(Data to process begins)

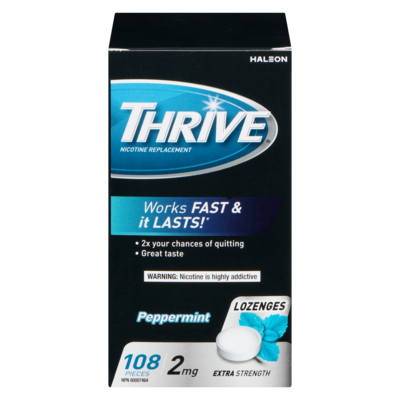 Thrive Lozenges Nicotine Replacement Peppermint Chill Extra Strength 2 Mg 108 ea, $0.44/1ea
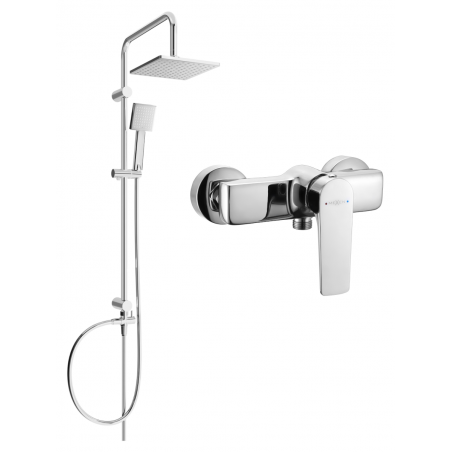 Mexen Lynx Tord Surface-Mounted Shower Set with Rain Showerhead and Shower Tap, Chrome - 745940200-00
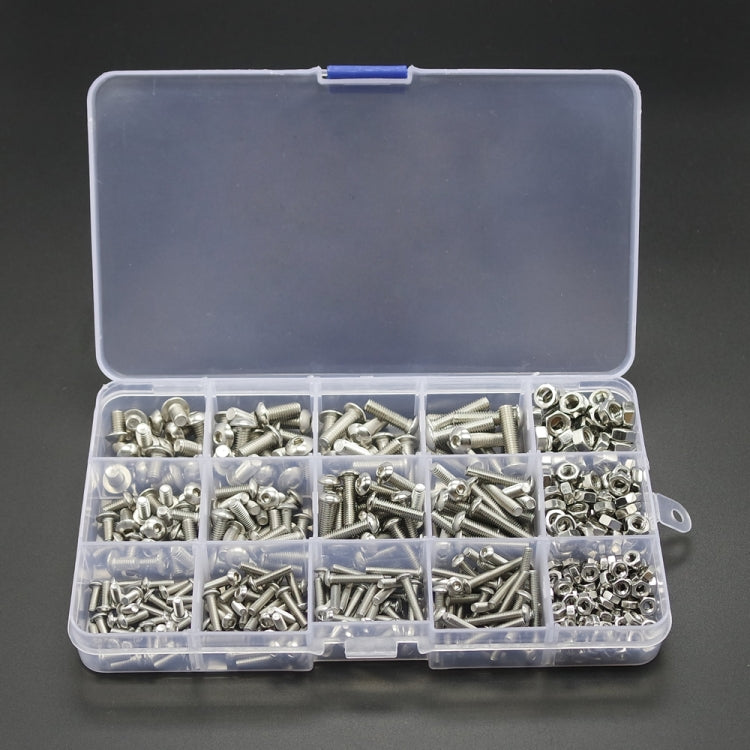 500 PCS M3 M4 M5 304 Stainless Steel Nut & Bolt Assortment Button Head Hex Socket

(Data to process ends)
(Data to process begins)

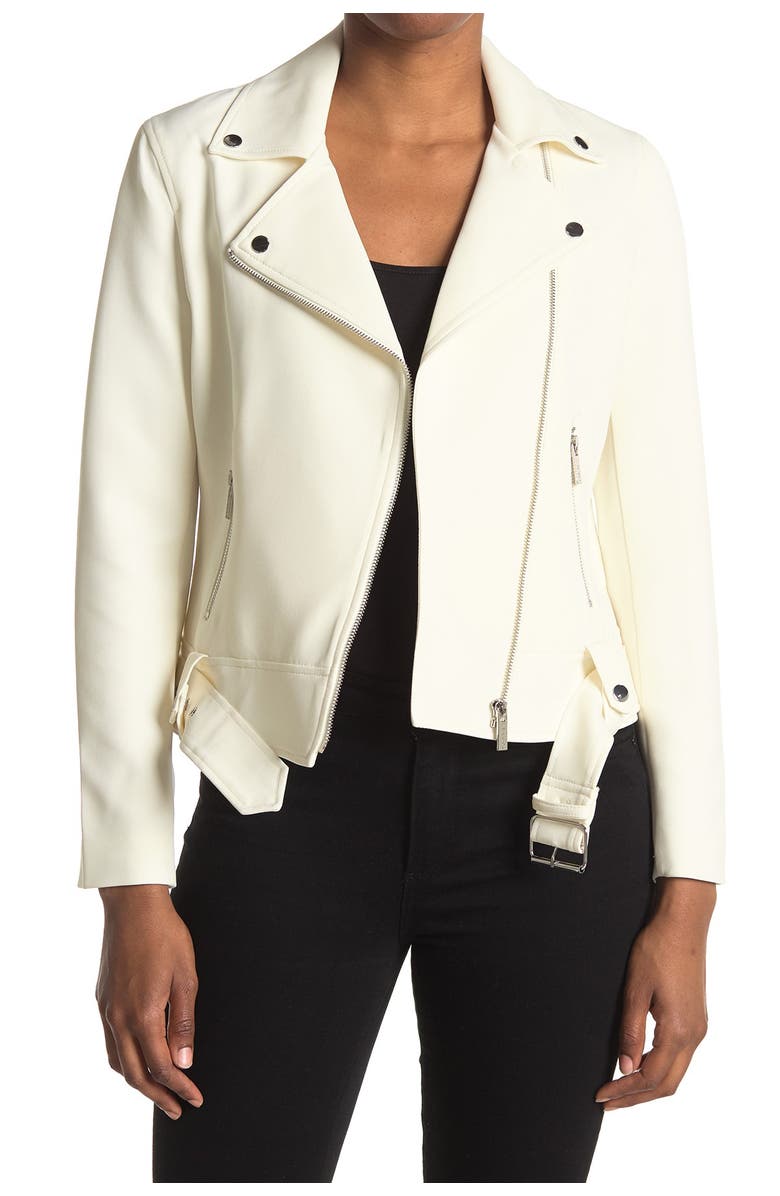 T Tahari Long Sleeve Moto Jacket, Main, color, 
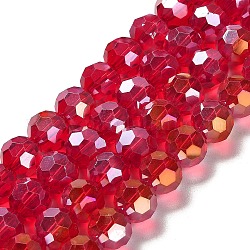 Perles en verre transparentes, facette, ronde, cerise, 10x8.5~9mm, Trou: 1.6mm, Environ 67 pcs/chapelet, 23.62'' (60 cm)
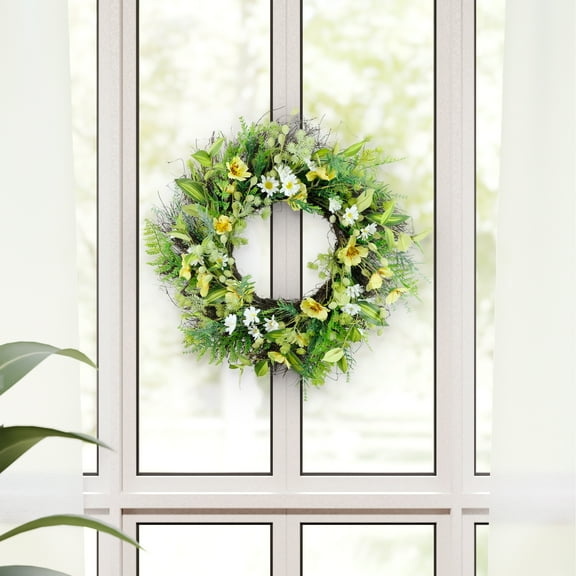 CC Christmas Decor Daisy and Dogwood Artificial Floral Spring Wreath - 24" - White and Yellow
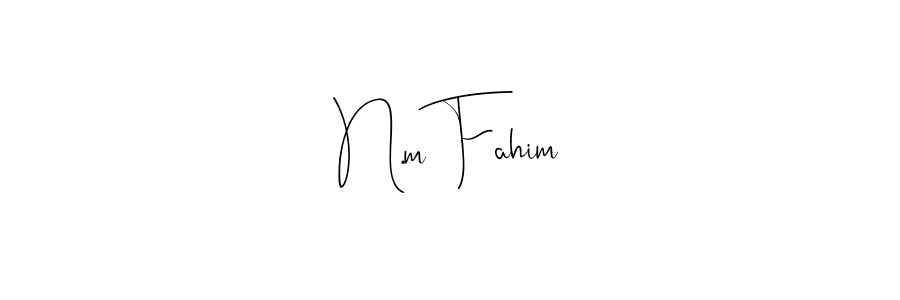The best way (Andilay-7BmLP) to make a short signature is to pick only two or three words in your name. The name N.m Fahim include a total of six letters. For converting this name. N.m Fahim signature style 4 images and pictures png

(Data to process ends)

_Problem description_
Copy exactly the material above from the line with "Mexen Lynx Tord" to the line with "500 PCS M3 M4", ends included, and nothing else. Leave out any picture.

_Result below_
 Mexen Lynx Tord Surface-Mounted Shower Set with Rain Showerhead and Shower Tap, Chrome - 745940200-00
 500 PCS M3 M4 M5 304 Stainless Steel Nut & Bolt Assortment Button Head Hex Socket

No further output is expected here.